The Concept Fund is intended to work alongside the Journey Fund, discussed in Chapter 8.

Lack of education to encourage female entrepreneurship, equality & diversity not embedded across full educational curriculum

As discussed above, because society has normalised under-participation of women in entrepreneurship, it hasn't previously been considered necessary either to encourage this participation, nor to train general participants in the importance of diversity and equality.

The recommendations below are over-and-above the foundational need to improve general entrepreneurial education, which we cover in Chapter 7.

We recommend that all school and university courses include mandatory diversity and equality education as part of the first-year syllabus. This shouldn't be the tick-box type, but, rather, should be tailored appropriately to illuminate each applicable subject's under-participation origins, on-going exclusionary factors, in addition to more general diversity and equality best-practice education.

For example, in considering current participation rates in STEM subjects, most Computing Science pupils and students probably don't know that programming was performed almost entirely by women in its infancy because it was considered to be an unimportant secretarial task. Later, when the importance and power of software became more apparent, men took more of these roles, and salaries rose. Women were then gradually excluded from the profession because society effectively determined that such work, being now considered important, was cognitively too demanding for women[55]. Most science students likely aren't aware that it was once forbidden for women to publish in science journals, or to even practice science at all[56], and so on. These stories set the background to today's gender imbalances in STEM subjects, and should be taught as part of correcting existing biases.

All Ecosystem Builders (defined above) receiving financial support from the government should demonstrate, as a pre-requisite to receiving that support, that a programme is in place to provide all staff with mandatory diversity and equality training.

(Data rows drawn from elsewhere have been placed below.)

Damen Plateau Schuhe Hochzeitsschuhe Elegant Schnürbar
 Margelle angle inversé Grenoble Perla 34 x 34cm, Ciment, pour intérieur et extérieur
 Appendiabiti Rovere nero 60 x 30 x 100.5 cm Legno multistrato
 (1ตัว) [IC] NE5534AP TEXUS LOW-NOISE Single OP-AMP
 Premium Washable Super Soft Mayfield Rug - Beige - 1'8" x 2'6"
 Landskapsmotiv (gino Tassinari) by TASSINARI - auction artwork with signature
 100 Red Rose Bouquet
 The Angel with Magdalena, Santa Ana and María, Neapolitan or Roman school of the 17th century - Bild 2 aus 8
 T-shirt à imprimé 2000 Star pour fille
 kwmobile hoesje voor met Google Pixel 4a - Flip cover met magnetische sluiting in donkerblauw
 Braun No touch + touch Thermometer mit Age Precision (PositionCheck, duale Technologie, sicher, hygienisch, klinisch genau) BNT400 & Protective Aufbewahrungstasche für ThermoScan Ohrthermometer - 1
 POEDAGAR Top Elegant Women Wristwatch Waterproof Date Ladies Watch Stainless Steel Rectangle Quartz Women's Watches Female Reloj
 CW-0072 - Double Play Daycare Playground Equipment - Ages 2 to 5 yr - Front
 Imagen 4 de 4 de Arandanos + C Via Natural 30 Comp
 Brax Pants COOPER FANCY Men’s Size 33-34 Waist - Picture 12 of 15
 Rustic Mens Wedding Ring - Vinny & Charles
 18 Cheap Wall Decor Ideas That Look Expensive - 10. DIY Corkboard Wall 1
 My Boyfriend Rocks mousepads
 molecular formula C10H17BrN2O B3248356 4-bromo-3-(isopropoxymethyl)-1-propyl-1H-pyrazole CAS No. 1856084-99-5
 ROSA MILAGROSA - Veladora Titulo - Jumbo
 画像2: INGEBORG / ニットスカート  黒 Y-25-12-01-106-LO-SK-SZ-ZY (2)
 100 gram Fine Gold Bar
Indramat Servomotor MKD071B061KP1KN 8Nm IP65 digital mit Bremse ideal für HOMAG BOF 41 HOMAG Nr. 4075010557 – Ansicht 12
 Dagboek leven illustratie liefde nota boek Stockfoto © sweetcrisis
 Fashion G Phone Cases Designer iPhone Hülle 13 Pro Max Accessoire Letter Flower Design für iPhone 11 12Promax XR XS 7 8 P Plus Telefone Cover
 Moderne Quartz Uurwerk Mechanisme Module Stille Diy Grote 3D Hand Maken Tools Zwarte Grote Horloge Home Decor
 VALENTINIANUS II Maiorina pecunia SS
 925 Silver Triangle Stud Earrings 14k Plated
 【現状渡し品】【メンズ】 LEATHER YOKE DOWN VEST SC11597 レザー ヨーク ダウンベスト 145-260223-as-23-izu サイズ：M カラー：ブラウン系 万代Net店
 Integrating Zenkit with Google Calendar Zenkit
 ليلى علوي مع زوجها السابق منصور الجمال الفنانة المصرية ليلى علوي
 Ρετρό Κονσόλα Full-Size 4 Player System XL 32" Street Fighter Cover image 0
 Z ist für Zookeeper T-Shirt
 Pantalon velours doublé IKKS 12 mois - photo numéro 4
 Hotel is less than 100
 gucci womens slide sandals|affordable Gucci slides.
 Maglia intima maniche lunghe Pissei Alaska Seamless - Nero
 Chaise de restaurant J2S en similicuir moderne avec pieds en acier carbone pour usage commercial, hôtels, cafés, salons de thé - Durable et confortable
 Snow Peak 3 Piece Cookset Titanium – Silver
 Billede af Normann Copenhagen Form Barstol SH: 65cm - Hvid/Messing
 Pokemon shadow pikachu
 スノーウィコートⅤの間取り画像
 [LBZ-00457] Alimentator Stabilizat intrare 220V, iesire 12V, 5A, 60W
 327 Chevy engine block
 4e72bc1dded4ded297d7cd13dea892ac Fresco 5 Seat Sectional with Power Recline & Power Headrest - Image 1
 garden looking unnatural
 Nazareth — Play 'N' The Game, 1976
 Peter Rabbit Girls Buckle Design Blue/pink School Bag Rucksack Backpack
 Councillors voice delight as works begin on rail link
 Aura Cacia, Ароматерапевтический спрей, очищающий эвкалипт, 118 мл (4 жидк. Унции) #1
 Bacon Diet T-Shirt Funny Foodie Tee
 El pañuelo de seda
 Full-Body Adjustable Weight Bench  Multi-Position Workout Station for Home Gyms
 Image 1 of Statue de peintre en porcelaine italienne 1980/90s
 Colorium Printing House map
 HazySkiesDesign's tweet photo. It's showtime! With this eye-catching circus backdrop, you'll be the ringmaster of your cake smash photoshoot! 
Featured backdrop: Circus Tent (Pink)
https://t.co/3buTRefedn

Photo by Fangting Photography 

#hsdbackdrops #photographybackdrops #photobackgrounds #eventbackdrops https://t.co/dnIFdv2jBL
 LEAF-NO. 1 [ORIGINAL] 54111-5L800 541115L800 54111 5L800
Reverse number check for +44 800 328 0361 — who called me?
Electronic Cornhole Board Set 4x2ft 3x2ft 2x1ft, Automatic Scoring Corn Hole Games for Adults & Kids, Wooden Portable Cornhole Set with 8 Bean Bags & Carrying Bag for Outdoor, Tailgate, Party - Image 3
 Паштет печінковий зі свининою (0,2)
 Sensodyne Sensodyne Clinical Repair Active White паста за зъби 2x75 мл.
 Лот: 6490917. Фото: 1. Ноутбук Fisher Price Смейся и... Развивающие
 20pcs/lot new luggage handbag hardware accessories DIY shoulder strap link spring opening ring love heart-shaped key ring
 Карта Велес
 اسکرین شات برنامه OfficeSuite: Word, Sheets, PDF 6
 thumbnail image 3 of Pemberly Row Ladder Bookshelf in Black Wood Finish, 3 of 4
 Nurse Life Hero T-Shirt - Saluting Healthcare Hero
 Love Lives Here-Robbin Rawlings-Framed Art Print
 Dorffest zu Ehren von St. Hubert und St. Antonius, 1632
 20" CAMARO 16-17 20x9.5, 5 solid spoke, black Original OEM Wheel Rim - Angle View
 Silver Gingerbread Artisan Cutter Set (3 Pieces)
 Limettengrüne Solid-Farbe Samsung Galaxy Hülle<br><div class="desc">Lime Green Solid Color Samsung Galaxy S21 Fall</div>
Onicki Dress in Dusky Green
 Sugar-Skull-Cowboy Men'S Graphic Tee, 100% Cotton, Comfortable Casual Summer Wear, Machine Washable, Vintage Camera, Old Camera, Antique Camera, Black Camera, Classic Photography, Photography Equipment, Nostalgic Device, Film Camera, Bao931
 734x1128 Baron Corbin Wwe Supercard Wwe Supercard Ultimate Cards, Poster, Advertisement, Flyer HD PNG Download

Frequent Prejudice, Sexism

We can think of sexism as a spectrum, along which varies degrees of the practice are located:

A line with two arrows represents a spectrum of behaviour. On the left unconscious sexism, in the middle conscious low level sexism and to the right of the arrow conscious, extreme sexism.

To some extent, the presence of any one type of sexism reinforces and legitimises the others. To meaningfully reduce sexism, we must therefore strategically act upon all three types.

To the extent that sexism contributes to under-participation, our aim in this report, bluntly put, is to raise unconscious sexism to the conscious level, when reasonable people can then reconsider their formerly implicit views in the context of the arguments made herein, and elsewhere. Many of the recommendations in this report are intended to operate in this way.

But what about conscious, extreme sexism, or misogyny? It seems obvious that a society tolerating, for example, aggressive, hate-filled posts on social media directed at women simply because they are women, that such a society will tolerate less-extreme forms of the practice too.

There is currently no existing law in Scotland directed against misogyny. However, the Misogyny and Criminal Justice Working Group published the excellent report Misogyny: a human rights issue in March 2022. The report recommends:

  • a new statutory aggravation to relate to misogynistic conduct where a crime such as assault, criminal damage/vandalism or threatening or abusive behaviour is aggravated by misogyny
  • a new offence of stirring up hatred against women
  • a new offence of public sexual harassment of women, and
  • a new offence of issuing threats of, or invoking, rape or sexual assault or disfigurement of women and girls online and offline

At the time of writing, these recommendations have been accepted in principle by the Scottish Government, but not yet implemented.

A timetable for completion of the detailed review of these recommendations, and their implementation, should be published by the Scottish Government.

The above proposals are presented as specific recommendations in Chapter 10: Consolidated Recommendations.